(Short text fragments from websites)

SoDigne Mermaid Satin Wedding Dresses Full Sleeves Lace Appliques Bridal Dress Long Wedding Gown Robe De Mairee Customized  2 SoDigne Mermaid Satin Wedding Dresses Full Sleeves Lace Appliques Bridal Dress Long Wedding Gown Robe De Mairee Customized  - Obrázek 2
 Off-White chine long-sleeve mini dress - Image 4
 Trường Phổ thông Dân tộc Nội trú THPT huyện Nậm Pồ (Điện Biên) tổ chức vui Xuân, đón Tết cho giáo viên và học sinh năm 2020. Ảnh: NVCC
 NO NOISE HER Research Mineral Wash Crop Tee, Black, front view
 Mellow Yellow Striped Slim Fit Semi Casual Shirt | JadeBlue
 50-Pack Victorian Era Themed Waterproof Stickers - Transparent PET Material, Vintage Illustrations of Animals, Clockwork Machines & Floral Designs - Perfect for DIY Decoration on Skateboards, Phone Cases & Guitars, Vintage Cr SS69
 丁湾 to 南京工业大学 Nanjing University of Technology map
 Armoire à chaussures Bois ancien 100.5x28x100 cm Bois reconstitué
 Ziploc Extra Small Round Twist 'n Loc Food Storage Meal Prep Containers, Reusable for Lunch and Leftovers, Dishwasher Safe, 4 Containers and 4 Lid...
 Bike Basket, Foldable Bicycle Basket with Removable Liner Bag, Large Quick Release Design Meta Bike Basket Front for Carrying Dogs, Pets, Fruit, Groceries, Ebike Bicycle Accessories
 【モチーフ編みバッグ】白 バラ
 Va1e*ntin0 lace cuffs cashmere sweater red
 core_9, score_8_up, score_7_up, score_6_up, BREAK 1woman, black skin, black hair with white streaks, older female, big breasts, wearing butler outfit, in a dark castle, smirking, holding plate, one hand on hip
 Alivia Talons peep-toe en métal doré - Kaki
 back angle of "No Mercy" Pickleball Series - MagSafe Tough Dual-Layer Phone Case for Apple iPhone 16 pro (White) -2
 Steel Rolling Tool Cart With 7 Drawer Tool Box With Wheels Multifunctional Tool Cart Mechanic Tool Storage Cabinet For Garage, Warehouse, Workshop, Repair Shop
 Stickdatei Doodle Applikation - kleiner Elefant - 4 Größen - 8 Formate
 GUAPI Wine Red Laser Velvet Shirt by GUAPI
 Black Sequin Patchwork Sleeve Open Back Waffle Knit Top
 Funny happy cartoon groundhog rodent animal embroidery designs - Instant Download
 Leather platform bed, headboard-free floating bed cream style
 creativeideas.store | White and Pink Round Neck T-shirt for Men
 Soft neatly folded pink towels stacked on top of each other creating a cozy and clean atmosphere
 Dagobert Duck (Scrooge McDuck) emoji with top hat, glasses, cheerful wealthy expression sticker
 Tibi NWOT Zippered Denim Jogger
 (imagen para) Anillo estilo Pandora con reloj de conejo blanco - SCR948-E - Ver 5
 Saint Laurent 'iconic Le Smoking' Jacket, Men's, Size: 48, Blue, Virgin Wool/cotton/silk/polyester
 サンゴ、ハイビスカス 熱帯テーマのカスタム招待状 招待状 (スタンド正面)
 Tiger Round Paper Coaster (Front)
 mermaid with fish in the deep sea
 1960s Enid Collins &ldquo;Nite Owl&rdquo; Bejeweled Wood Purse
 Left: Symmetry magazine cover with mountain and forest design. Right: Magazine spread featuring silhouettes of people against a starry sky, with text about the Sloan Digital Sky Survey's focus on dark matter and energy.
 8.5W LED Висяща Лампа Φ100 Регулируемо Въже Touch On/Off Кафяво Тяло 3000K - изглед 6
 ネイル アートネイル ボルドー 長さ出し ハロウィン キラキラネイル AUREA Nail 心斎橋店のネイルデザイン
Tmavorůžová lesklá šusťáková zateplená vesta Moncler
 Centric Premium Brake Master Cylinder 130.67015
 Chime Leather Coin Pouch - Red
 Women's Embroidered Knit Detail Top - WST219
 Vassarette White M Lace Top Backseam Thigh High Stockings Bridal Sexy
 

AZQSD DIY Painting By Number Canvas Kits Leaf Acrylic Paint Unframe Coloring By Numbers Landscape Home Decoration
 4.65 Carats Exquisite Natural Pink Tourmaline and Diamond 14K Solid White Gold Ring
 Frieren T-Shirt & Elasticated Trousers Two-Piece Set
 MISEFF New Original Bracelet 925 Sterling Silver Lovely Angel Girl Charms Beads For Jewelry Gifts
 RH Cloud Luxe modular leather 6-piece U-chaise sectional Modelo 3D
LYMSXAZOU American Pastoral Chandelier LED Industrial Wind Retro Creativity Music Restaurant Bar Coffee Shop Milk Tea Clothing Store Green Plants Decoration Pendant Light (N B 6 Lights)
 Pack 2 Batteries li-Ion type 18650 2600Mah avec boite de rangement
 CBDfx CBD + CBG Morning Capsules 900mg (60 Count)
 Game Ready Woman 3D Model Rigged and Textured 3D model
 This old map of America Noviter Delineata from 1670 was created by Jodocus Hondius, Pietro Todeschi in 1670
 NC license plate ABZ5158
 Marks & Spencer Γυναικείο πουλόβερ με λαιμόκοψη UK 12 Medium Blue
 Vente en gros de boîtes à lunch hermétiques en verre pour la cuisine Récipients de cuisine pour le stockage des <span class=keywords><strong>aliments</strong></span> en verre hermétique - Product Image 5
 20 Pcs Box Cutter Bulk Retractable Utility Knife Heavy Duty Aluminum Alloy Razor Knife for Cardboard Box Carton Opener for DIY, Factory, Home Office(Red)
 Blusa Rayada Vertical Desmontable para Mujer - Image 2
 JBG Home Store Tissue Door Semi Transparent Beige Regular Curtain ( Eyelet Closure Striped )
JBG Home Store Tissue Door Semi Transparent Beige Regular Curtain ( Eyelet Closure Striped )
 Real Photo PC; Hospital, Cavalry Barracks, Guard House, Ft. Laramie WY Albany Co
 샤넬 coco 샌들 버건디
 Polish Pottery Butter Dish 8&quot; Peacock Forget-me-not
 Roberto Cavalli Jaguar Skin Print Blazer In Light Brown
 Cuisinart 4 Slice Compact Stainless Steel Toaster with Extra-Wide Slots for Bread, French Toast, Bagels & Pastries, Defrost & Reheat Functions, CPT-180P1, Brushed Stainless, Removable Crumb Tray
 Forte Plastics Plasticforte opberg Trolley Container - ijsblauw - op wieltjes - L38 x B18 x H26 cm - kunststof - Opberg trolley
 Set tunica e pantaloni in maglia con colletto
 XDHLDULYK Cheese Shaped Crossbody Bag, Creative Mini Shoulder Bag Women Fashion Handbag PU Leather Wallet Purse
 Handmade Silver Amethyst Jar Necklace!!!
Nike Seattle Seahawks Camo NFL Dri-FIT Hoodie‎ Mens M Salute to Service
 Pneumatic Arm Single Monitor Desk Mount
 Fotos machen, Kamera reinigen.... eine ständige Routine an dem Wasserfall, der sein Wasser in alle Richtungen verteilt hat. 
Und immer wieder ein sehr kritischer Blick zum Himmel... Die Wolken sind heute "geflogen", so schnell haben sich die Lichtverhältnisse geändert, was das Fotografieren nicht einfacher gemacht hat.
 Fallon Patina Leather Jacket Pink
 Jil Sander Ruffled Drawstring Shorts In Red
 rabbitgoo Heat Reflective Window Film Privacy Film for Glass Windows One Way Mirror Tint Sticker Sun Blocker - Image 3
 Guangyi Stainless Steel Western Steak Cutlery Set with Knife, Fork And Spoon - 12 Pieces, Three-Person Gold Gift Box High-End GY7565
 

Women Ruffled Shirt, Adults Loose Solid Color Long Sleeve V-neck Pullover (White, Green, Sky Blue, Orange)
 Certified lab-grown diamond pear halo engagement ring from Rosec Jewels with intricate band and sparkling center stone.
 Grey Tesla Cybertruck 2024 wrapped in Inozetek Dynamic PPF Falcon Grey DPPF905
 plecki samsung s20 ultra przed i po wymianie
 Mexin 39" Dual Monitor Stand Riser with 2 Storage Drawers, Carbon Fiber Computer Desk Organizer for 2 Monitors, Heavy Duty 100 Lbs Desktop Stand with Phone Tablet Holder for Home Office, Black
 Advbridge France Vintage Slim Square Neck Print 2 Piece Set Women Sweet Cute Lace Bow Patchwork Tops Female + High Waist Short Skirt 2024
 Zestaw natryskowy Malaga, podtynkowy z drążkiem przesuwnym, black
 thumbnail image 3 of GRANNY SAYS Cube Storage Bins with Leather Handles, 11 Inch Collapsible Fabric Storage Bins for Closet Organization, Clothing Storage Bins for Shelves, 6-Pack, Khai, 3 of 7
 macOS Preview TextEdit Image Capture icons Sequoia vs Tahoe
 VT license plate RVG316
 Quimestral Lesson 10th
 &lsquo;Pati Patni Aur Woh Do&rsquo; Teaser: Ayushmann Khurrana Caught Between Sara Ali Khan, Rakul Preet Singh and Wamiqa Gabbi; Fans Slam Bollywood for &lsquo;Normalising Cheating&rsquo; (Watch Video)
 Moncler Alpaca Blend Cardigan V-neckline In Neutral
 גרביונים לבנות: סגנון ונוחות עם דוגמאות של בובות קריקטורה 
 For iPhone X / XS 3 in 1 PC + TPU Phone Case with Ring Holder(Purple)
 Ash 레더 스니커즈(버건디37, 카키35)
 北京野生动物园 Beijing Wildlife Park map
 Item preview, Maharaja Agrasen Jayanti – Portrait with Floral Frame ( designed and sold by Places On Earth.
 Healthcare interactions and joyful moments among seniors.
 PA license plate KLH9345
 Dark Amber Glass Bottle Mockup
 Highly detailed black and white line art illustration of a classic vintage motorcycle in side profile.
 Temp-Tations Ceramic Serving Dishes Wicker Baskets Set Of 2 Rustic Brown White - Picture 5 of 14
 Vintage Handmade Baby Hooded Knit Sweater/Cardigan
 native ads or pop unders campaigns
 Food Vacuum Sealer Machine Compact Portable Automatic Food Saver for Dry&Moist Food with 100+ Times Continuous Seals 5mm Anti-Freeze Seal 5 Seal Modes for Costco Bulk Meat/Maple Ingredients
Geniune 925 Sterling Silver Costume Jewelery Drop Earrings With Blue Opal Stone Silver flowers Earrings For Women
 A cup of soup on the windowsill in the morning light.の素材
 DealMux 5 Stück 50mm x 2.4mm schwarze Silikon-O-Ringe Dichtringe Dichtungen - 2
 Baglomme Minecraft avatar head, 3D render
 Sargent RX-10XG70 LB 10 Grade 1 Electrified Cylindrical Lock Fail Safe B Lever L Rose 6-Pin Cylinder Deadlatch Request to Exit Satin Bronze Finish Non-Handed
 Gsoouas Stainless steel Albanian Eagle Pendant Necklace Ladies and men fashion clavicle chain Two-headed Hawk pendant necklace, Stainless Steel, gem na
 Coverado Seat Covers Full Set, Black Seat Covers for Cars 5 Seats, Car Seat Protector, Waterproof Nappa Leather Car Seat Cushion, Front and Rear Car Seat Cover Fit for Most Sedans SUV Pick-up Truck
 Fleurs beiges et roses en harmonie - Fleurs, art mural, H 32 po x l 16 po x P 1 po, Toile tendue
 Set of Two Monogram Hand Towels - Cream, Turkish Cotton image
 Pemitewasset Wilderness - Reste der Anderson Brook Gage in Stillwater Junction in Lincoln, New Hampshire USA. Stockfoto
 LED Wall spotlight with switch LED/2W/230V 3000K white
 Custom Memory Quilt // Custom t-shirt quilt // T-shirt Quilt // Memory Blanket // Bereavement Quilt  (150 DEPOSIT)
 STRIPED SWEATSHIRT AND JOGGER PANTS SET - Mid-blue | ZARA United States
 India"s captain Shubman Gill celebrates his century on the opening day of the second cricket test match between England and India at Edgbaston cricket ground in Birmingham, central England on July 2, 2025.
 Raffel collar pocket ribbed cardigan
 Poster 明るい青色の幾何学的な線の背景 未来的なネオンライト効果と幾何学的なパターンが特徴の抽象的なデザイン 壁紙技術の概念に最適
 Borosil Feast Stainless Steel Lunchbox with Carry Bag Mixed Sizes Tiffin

=== What you need to do ===
All that is wanted is a faithful reproduction of the line above with "Set of Two Monogram", the line with "Custom Memory Quilt", and every line in between.

=== Answer to the exercise ===
 Set of Two Monogram Hand Towels - Cream, Turkish Cotton image
 Pemitewasset Wilderness - Reste der Anderson Brook Gage in Stillwater Junction in Lincoln, New Hampshire USA. Stockfoto
 LED Wall spotlight with switch LED/2W/230V 3000K white
 Custom Memory Quilt // Custom t-shirt quilt // T-shirt Quilt // Memory Blanket // Bereavement Quilt  (150 DEPOSIT)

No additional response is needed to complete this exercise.